[Given information]
*** Block opens ***

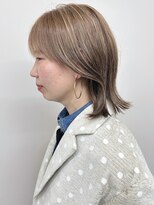 ラウンジ モリオ イケブクロ(Lounge MORIO Ikebukuro)&nbsp;＊外ハネミディアムレイヤーくびれミディアム外国人風ハイライト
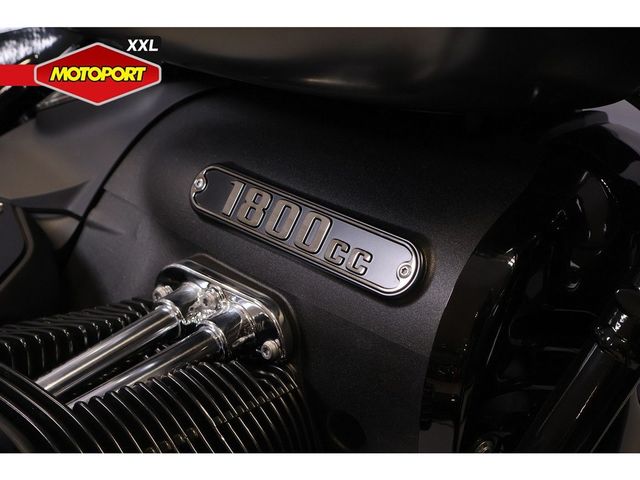 bmw - r-18-rocktane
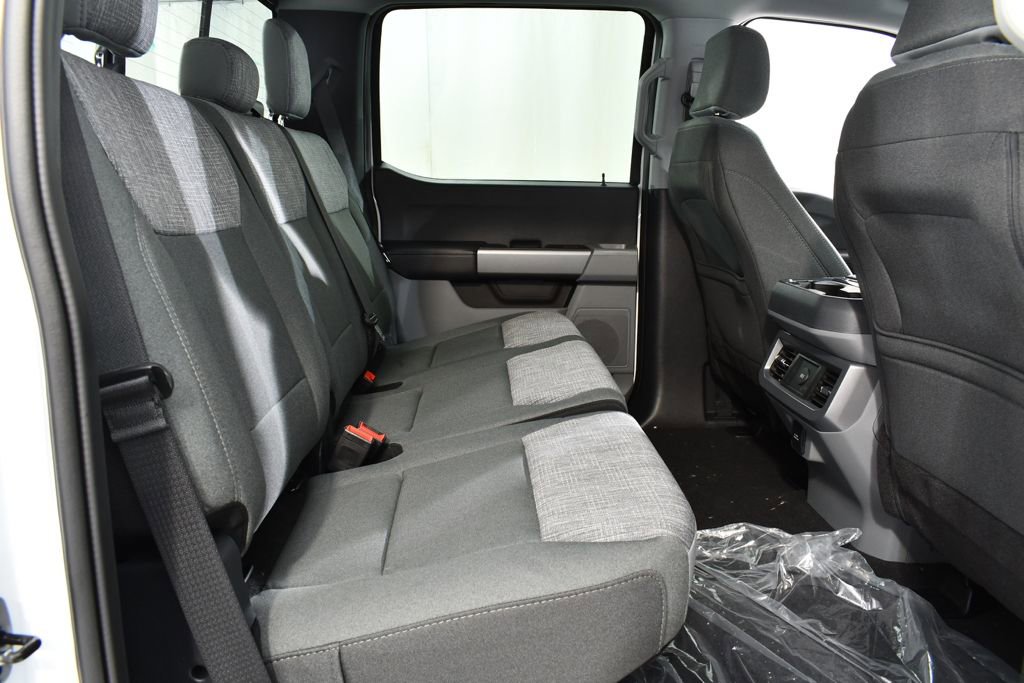 New 2026 Ford F350 XLT w/ FX4 Off-Road Package image 19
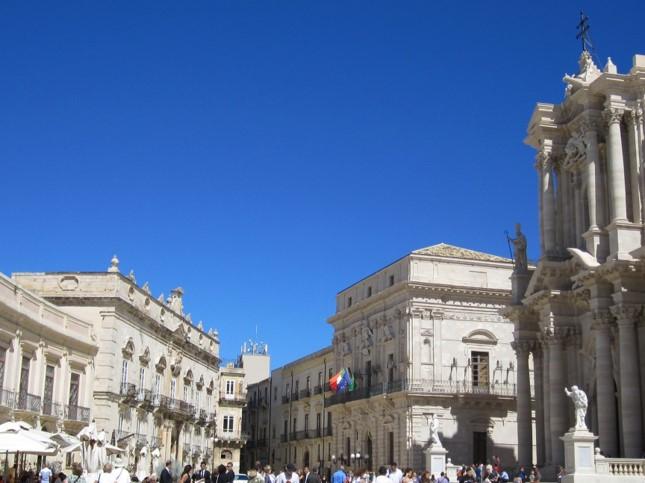 Piazza del Duomo | Sicily |Best European Citybreaks with kids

*** Block closes ***

Where a picture appears in the data, omit it; restate the rest word for word.

 ラウンジ モリオ イケブクロ(Lounge MORIO Ikebukuro)&nbsp;＊外ハネミディアムレイヤーくびれミディアム外国人風ハイライト
 bmw - r-18-rocktane
 New 2026 Ford F350 XLT w/ FX4 Off-Road Package image 19
 Piazza del Duomo | Sicily |Best European Citybreaks with kids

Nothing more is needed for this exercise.